Die Möglichkeiten sind vielfältig. Neben den Förderschulen gibt es Häuser mit „Inklusionsprofil“, Kooperations- und Partnerklassen sowie die Einzelinklusion an Regelschulen. Der Unterschied zwischen Kooperations- und Partnerklassen ist, dass in ersteren mehrere behinderte Kinder gemeinsam mit den Regelschülern unterrichtet werden, während Partnerklassen komplett aus Förderschülern samt eigenem Lehrer bestehen. Mit den Regelklassen teilen sie sich nur bestimmte Fächer wie Kunst oder Musik.

Partnerklasse oder Profilschule?

Neun Kooperationsklassen gibt es aktuell im Landkreis. Sie erhalten wöchentlich drei bis vier Stunden Unterstützung vom MSD. An Schulen mit Einzelinklusion sind es zwei. Die einzige Partnerklasse des Landkreises ist die der Römerbrunnenschule an der Grundschule Pfofeld-Theilenhofen – laut Schulamtsdirektor Hermann Balk wegen des Nebeneinanders von Einbindung und Förderung „eigentlich die Idealform der Inklusion“. Ähnlich aufgestellt sind die insgesamt zehn Förderschulklassen unter den Dächern der der Grundschule Süd und der Stephani-Schule in Gunzenhausen sowie der Grundschule in Treuchtlingen.
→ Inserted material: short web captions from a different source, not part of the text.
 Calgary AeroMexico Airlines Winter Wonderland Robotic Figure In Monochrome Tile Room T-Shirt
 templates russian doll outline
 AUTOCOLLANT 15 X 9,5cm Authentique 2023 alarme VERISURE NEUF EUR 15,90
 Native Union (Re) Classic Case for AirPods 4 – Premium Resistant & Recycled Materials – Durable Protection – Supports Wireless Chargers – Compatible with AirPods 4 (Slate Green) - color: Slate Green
Hier hängt der Grad des Miteinanders allerdings stark davon ab, ob sich Schulleitung und Lehrer als Partner oder nur als Gastgeber und Gast verstehen.

Profilschulen haben sich wiederum bewusst für die Inklusion als Schwerpunkt entschieden. Die einzige im Landkreis befindet sich in Markt Berolzheim. Sie profitiert mit jeweils bis zu 13 Wochenstunden an Grund- und Mittelschule am meisten von der Begleitung durch den MSD.
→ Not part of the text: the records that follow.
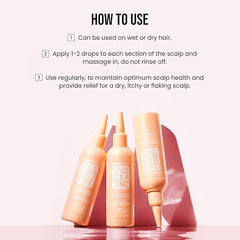 HAIR BURST Hydrating Hair Tonic & Balancing Scalp Tonic - Hair & Scalp Care Solution for Healthy Growth, PH Level Support, Dandruff Prevention - Calms & Hydrates Irritated Scalps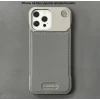 iPhone 16 Plus Parfümlü Koku Hazneli MagSafe Uyumlu Deri Kılıf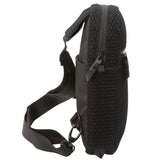 Hex Matrix Mesh Shoulder Bag | Black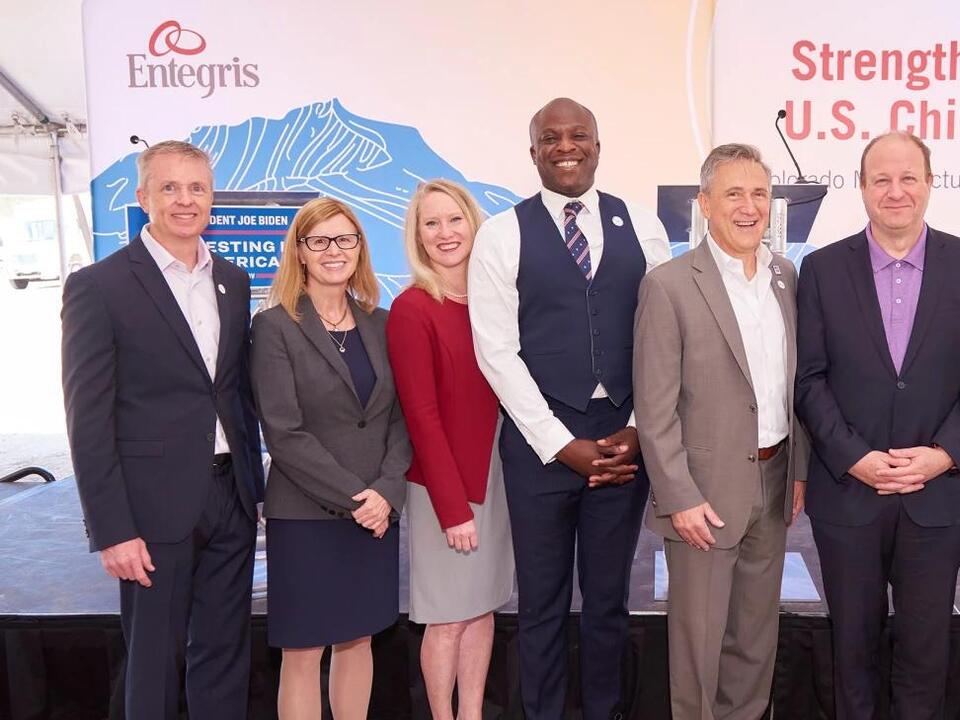 Entegris Joined by White House Representatives and Colorado Governor to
Problematisch wird es, wenn „schwierige“ Schüler die Regelklassen stören oder bremsen und die „normalen“ Lehrer mit der Zusatzaufgabe überfordert sind. Ebenso nützt es den Inklusionsschülern nichts, wenn sie im Unterricht nicht mithalten können. „Inklusion  muss dem Kind dienen, nicht den Eltern“, betont Landrat Gerhard Wägemann. Laut Beraterin Grit Landwehr entscheidet sich deshalb etwa die Hälfte der Eltern bewusst für die Förderschule.
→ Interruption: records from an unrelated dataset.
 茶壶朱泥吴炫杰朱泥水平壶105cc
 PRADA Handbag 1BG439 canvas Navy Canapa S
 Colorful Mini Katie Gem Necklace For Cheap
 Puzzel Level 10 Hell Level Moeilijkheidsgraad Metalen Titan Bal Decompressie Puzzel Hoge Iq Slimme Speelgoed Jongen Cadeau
„Die Inklusion steht bei uns noch ganz am Anfang“, weiß auch Robert Stumpe. Zwar räumen alle drei Berater ein, dass der Aufwand manchmal unverhältnismäßig sei, wo doch auch viele nichtbehinderte Kinder die Förderung nötig hätten. „Aber Inklusion muss irgendwo beginnen und braucht anfangs noch Unterstützungssysteme“, ist Grit Landwehr überzeugt. Zudem profitieren laut Tanja Zeiner beide Seiten von einem gelungenen Miteinander: Die Förderschüler durch Teilhabe und Perspektiven, ihre nichtbehinderten Kameraden durch „soziales Lernen“.

„Baff, wie gut das funktioniert“

So ist Schulamtschef Balk, in dessen Haus sich die Beratungsstelle befindet, nach den ersten Monaten bereits „total baff, wie gut das funktioniert“. Drei Familien, deren behinderte Kinder vor der Einschulung standen, habe das Team Schnupper-Schulbesuche ermöglicht. Für ältere Schüler stellen die Berater Kontakte zur Arbeitswelt her. Und auch für Kinder mit Migrationshintergrund, die an der Sprachbarriere scheitern, sucht das Team maßgeschneiderte Lösungen.

Die können Inklusionsklasse, Förderschule oder auch Hausunterricht heißen. „Ich bin froh, dass es beide Systeme gibt“, unterstreicht Hermann Balk. Denn gerade die Möglichkeit, selbst über Schulart und -ort zu bestimmen, ist für Behinderte und ihre Familien ebenfalls ein Schritt hin zur Teilhabe auf Augenhöhe.